The safest production changes are not one-way doors.

They are controlled transitions.

3. Deployment Invariants

Before discussing patterns, define the invariants.

These are the rules every deployment strategy must preserve.

3.1 Availability Invariant

During deployment, enough healthy instances must remain available to serve traffic.

This includes:

request handlers
async consumers
scheduler workers
workflow workers
dependency clients
cache warmers

A service is not available merely because the HTTP port is open.

It is available when it can perform its committed work within SLO.

3.2 Compatibility Invariant

Old and new versions must coexist during rollout.

This includes:

API requests
API responses
database schema
events
cache entries
scheduled jobs
background workers
workflow state
serialized payloads

If old and new versions cannot coexist, rolling/canary deployment becomes dangerous.

3.3 Observability Invariant

You must be able to distinguish behavior by version.

At minimum, telemetry should include:

service.name
service.version
deployment.environment
pod.name or instance id
route/operation name
tenant or segment when safe
canary/stable label
feature flag state when relevant

Without version-aware observability, canary is theater.

3.4 Recovery Invariant

Every deployment must have an explicit recovery path.

Recovery may be:

rollback to previous image
roll-forward to patched image
disable feature flag
shift traffic back to stable
stop consumer group
pause workflow worker
restore routing rule
run compensating data repair

A rollback plan that ignores data and events is not a rollback plan.

3.5 Data Safety Invariant

New code must not write state that old code cannot safely read unless rollback is no longer allowed.

This is the core rule behind expand-contract migration.

4. Rolling Deployment

Rolling deployment replaces old instances with new instances gradually.
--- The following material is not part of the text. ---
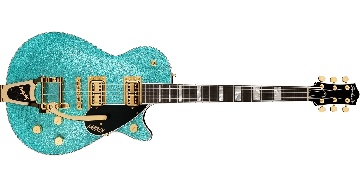 GRETSCH G6229TG Limited Edition Players Edition Sparkle Jet BT with Bigsby and Gold Hardware, Ebony Fingerboard, Ocean Turquoise Sparkle - 2403410813
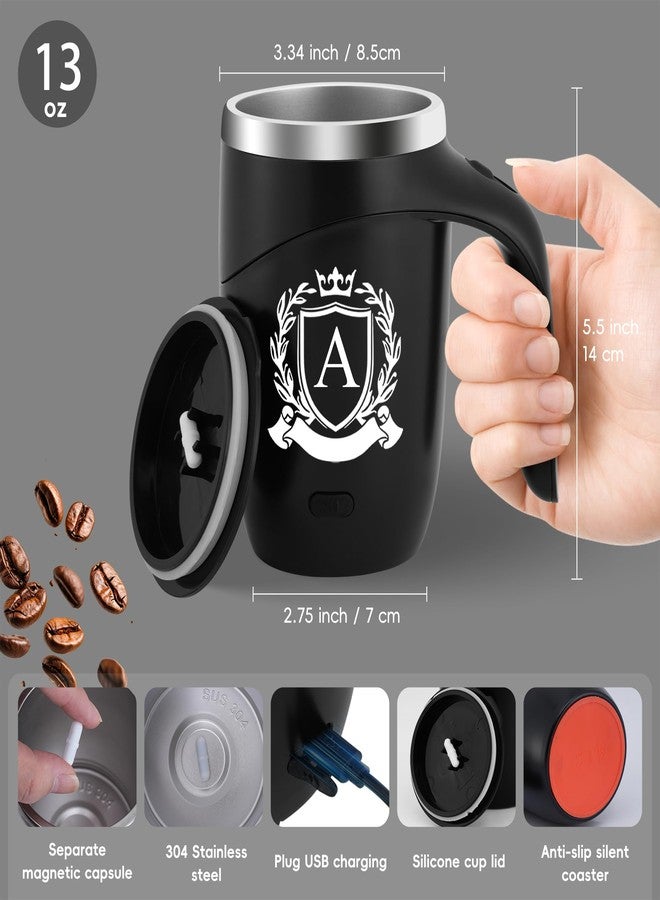 MNZZ Initial Magnetic Stirring Coffee Mug Stainless Travel Cup Adult Men Guy Him Brother Dad Boyfriend Uncle Niece Best Friendship Grandpa Grandfather Husband Son Law Happy Birthday Cool Meaningful Gifts,J - Image 4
In Kubernetes, a Deployment with rolling update strategy creates new Pods and removes old Pods while respecting availability constraints such as maxSurge and maxUnavailable.

Conceptually:

Rolling deployment is the default operational baseline.

It works well when:

old and new versions are compatible
startup is predictable
readiness probes are meaningful
graceful shutdown is implemented
schema changes are backward-compatible
event formats are backward-compatible
latency/capacity can tolerate mixed versions

It fails when:

new version requires a schema old version cannot read
old version emits events new version rejects
new version changes business invariant abruptly
two versions run scheduled jobs concurrently
cache keys change incompatibly
readiness turns green before warmup is complete
old pod receives traffic while shutting down

4.1 Rolling Deployment Checklist

Before rolling update:

Can v1 and v2 run at the same time?
Can v1 read data written by v2?
Can v2 read data written by v1?
Can v1 ignore new response/event fields?
Can v2 tolerate missing old fields?
Are consumers idempotent?
Are scheduled jobs singleton-safe?
Are old pods drained before termination?
Is readiness tied to actual serving capability?
Is the rollout observable per version?

Rolling deployment is simple only if compatibility is disciplined.

5. Blue-Green Deployment

Blue-green deployment runs two complete environments or stacks:

Blue: current production
Green: new candidate

Traffic is switched from blue to green when green is ready.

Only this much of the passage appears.